Statalist The Stata Listserver

[Date Prev][Date Next][Thread Prev][Thread Next][Date index][Thread index]

Re: st: RE getting rid of the outliners

From   Ronnie Babigumira <>
Subject   Re: st: RE getting rid of the outliners
Date   Mon, 01 May 2006 12:31:29 +0200

Thanks Maarten, my approach is close to yours, however in early stages of data cleaning, I like to look at severe outliers and crosscheck this with the raw data so as to be sure it is not a data entry problem. Post cleaning, I am really like you regarding how you deal with outliers.

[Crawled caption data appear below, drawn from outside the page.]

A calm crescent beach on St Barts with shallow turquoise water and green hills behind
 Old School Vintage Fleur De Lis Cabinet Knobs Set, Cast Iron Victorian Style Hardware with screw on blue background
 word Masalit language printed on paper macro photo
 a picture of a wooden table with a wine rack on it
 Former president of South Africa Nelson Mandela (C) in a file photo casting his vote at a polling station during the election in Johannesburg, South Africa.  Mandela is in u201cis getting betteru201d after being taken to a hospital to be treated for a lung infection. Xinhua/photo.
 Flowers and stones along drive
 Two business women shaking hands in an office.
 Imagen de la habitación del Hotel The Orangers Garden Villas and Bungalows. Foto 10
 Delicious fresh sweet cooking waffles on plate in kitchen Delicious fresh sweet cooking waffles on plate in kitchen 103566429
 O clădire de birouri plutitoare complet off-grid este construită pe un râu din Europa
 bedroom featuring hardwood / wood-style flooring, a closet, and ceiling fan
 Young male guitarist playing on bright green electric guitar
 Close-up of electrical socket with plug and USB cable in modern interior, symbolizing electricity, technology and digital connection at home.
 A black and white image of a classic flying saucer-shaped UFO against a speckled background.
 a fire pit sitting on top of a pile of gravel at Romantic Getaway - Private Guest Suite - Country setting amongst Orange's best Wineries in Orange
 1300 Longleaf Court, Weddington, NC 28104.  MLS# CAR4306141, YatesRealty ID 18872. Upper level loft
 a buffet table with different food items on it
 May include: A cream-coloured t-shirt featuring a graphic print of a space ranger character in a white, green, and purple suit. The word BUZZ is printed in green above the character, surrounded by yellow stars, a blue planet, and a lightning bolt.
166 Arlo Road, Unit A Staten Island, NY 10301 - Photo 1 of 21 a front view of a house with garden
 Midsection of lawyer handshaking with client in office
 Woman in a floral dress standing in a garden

That said, my main concern was that there will always be mild outliers and these can be ignored, however, if Vora would like to drop any outliers, I would think "severe" outliers are a better candidate. But that is for Vora to decide I suppose.

Thanks anyhow (I didnt know about the -adjacent- )


Maarten Buis wrote:


I had the same problem with sending to Vora instead of the
statalist (so Vora received multiple copies my email before I found out what the problem was, sorry about that)

In my not overly humble opinion, determining outliers this way
is nothing more than applying rules of thumb, and it is bad
practice to let your analysis be influenced by a blind application of a single rule of thumb. I am a regression man,
so when I am looking for outliers I look at scatter plots, various plots involving residuals, cook's distances, and leverages. I than try to identify points that worry me and try to find out why they are special. Than I decide what I am going to do about them, and in many cases the answer is nothing.

Maarten L. Buis
Department of Social Research Methodology Vrije Universiteit Amsterdam Boelelaan 1081 1081 HV Amsterdam The Netherlands

visiting adress:
Buitenveldertselaan 3 (Metropolitan), room Z214
+31 20 5986715

-----Original Message-----
From: []On Behalf Of Ronnie Babigumira
Sent: maandag 1 mei 2006 11:24
Subject: Re: st: RE getting rid of the outliners

Maarten, I had written in earlier suggesting -lv- (output below) or -iqr- (I just checked and for some reason, my
response went to Vora N and not to the list), however, your response is more true to the original posting.

That said, I have a follow up question for you

Using the fences created by

local u = r(p75) + (3/2) * (r(p75) - r(p25))
local l = r(p25) - (3/2) * (r(p75) - r(p25))

Would capture "mild" outliers. So my question is, how does this sit with the discussion in for example Hamilton,
Statistics with Stata, which distinguishes between mild and severe outliers pointing out that it is severe outliers that
create problems for many statistical techniques.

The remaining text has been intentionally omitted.